The Benefits of Frictionless Trade, as Seen in Saarland

The European Union comes in for a lot of criticism, including around these parts. Not all my colleagues have been so critical. Still, burdensome regulations by an unaccountable bureaucracy would trouble any libertarian. 

But this article in the Washington Post reminded me of the original promise of the Common Market, which grew into the European Union:

The degree to which the European Union’s post-nationalist vision has transformed the continent is evident in the German region of Saarland, an area of 1 million residents hard on the French border. 

The region — marked by lush forests, gentle hills and rich coal deposits that once made Saarland an industrial jackpot — has changed hands eight times over the past 250 years. In the past century alone, it was traded between France and Germany four times.

The first of those came in the aftermath of World War I, when France claimed the territory as compensation for German destruction of France’s own coal industry.

Germany lost the land again after World War II and only got it back in 1957.

As recently as the 1990s, the nearby border was subject to strict controls.
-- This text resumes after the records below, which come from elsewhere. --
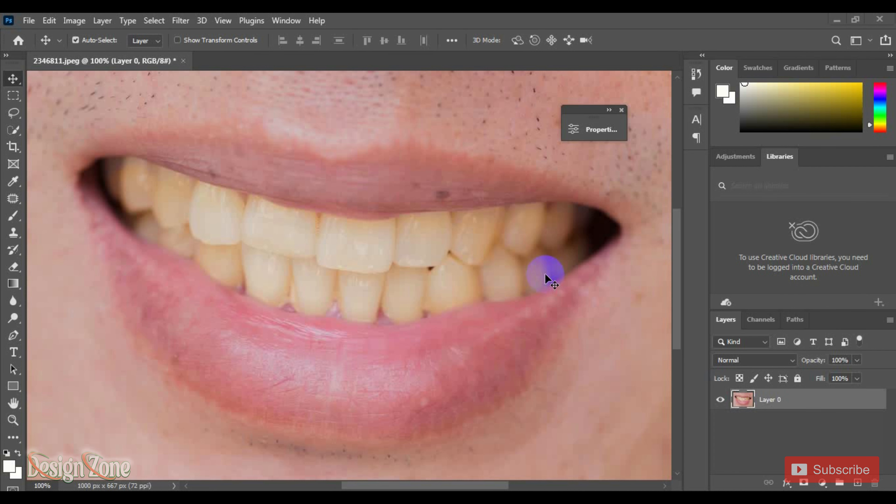Hello everyone, how are you? Welcome to my channel. Let's get started with this video. I'll show you in Photoshop how to make white teeth.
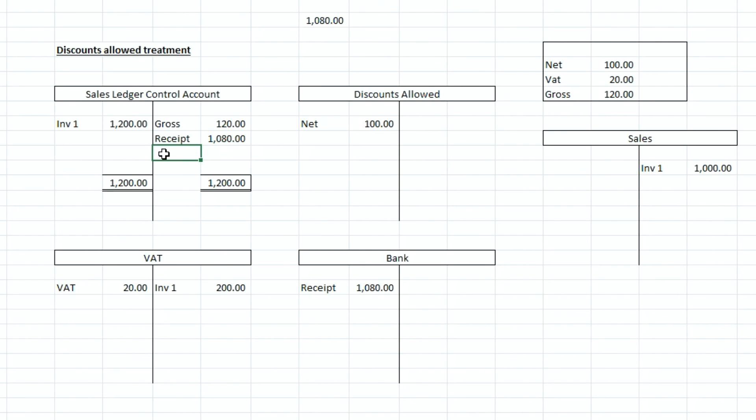So that was just quite a short video on discounts allowed and the treatment there with the double entry and T accounts. So if you found the video useful I'd be grateful if you gave it a thumbs up, as always consider subscribing and I shall see you on the next video.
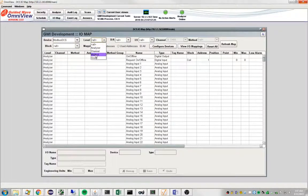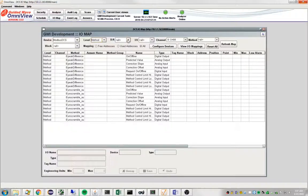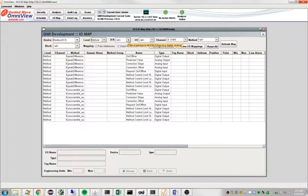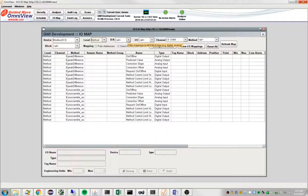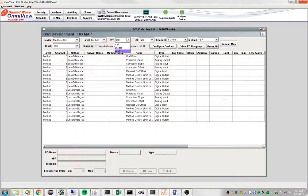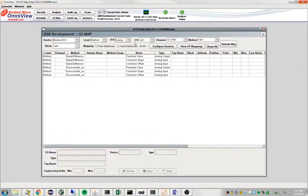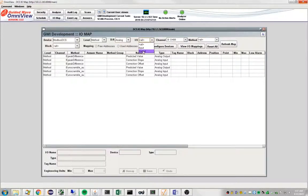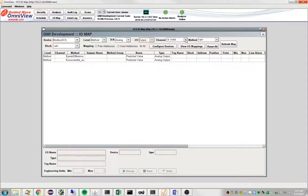So we're going to select this filter and what we're interested in is getting the value, the number being produced by this method out. So that would be a floating point number which is written as an analog value and it is an output.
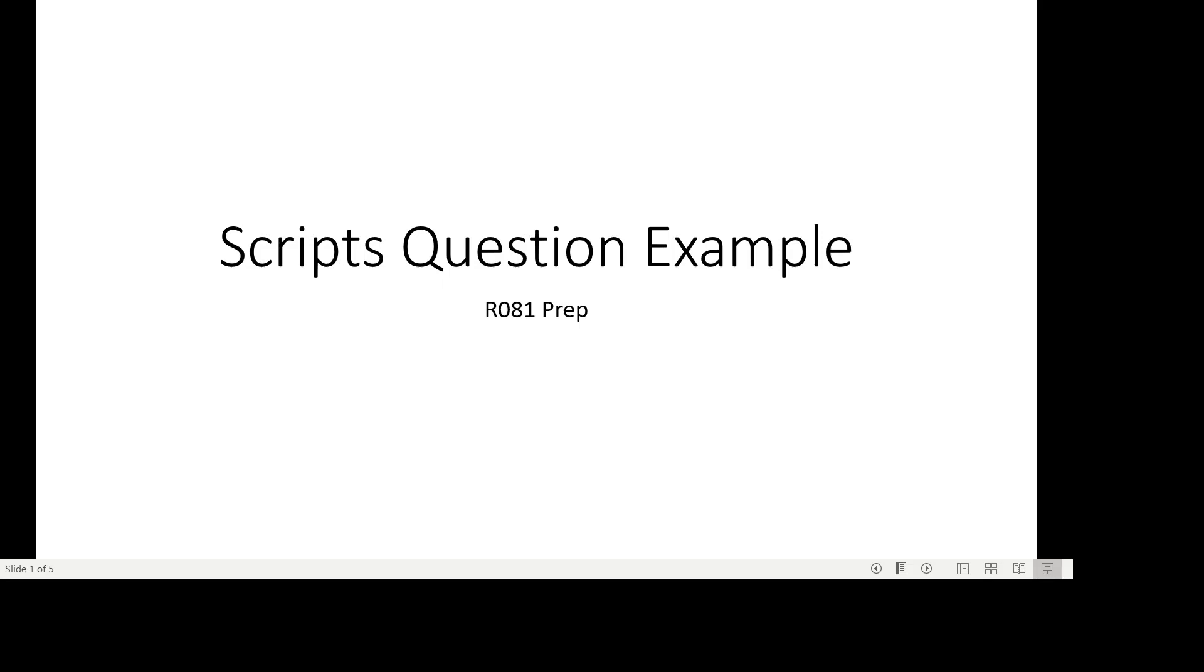Good morning, good afternoon, good evening, depending on what time you're watching the video. This is Mr. Connolly. I'm just going to go through the scripts question that I set you. So this is our R081 exam prep for iMedia.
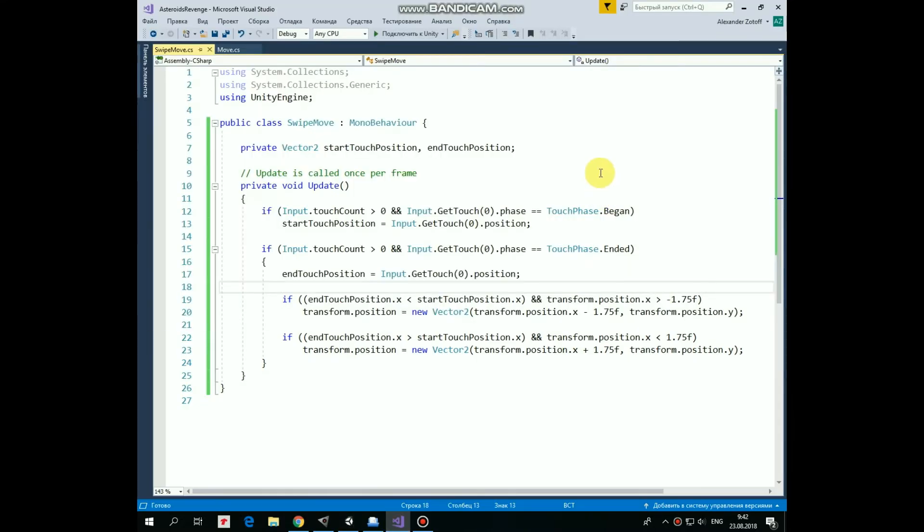First, we have a couple of Vector2 variables that hold information about startTouchPosition and endTouchPosition. And then all of the magic happens in update method.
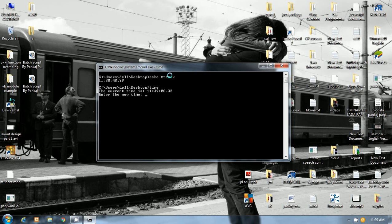So time command is used for displaying the current time as well as it will also help us to set the time.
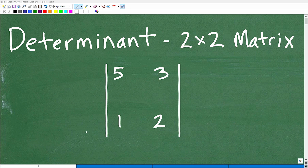And if you like this video, please do me a favor and smash that like button. All right, let's get right to it — the determinant of a two by two matrix.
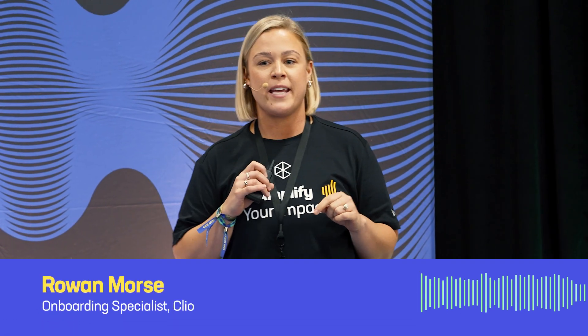My name is Rowan. I am from the onboarding team. You might also recognize my voice or my name if you called into support over the last year. I recently moved on to onboarding. So if you fall in love with Clio all over again and you refer all your friends, they might have their training with me.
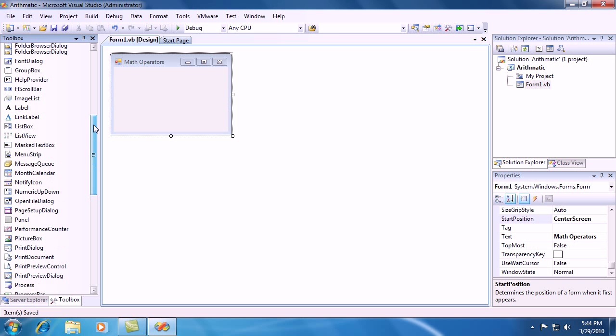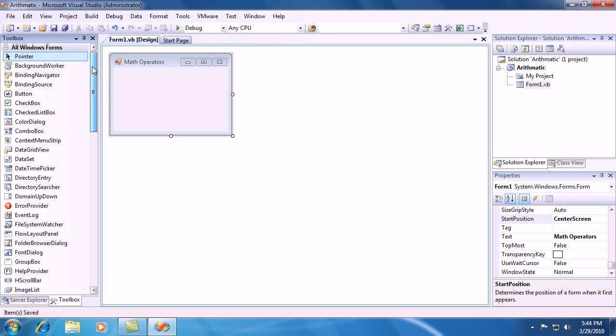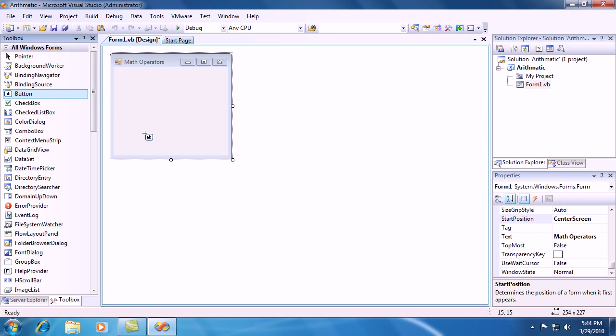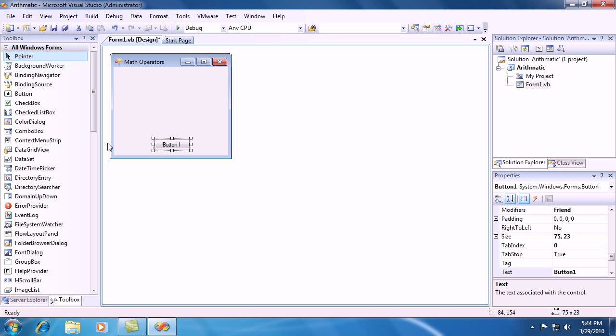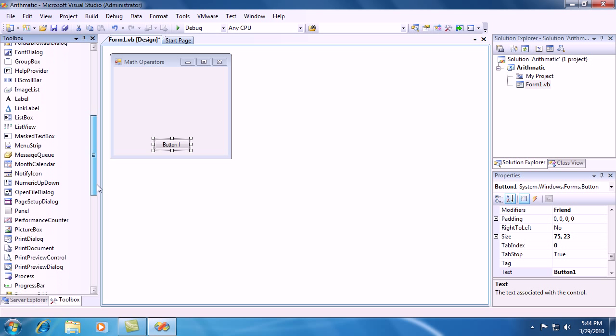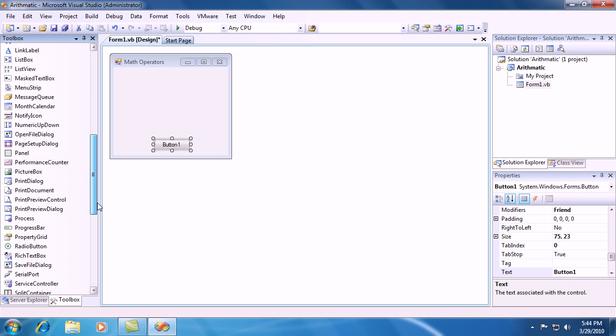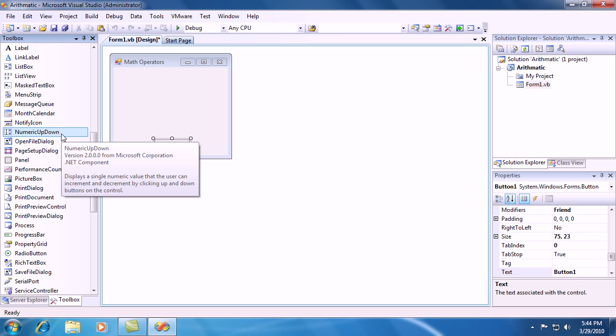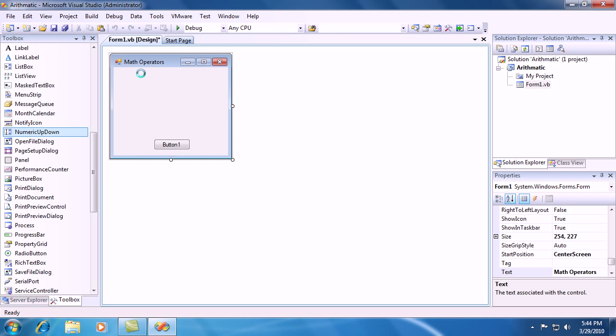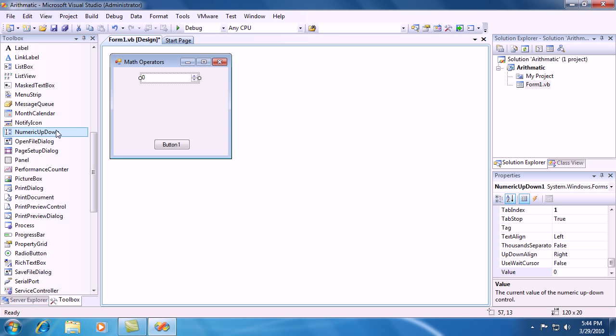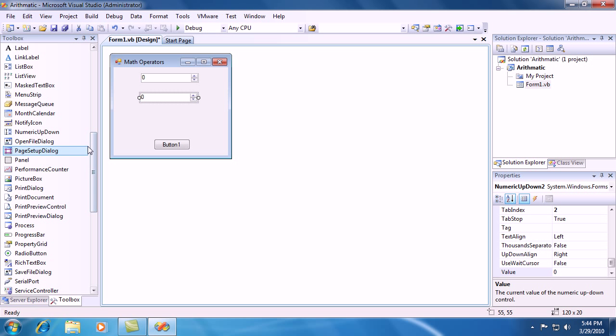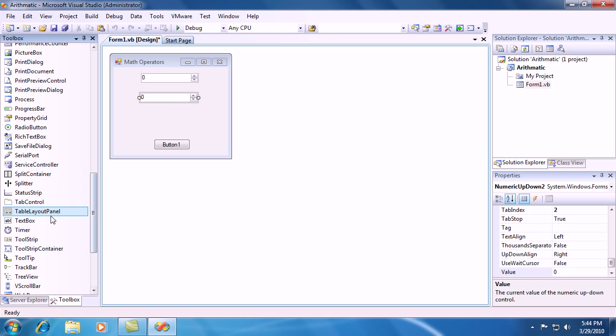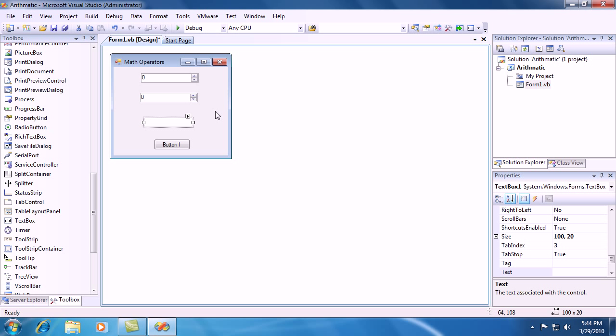And then next we are going to put a button down onto the form. One button. And then we are going to place two numeric up-down controls onto the form. And we are going to put one text box on the form.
But today, it’s largely invisible. French citizens commute to Saarland for work or pop by to buy a dishwasher. Germans cross into France for lunch or to pick up a bottle of wine. French — the language of the longtime enemy and occupier — is part of the fabric of Saarland, and it’s welcome.

“We’re neighbors. We’re friends. We marry each other. One hundred years ago, we killed each other. It’s been a great evolution,” said Reiner Jung, deputy director at the Saar Historical Museum in the region’s capital, Saarbrücken.

Of course, countries could drop their trade barriers without creating a supranational bureaucracy. But too many people misunderstand economics and believe giving up their trade barriers is a cost, so creating a customs union, a common market, or even a European Union may often be the only way to get the substantial benefits of free trade. And frictionless trade is even harder to achieve without multinational negotiations. So there are pros and cons to arrangements such as the European Union, but we shouldn’t underestimate the great benefits of commerce and movement across national borders.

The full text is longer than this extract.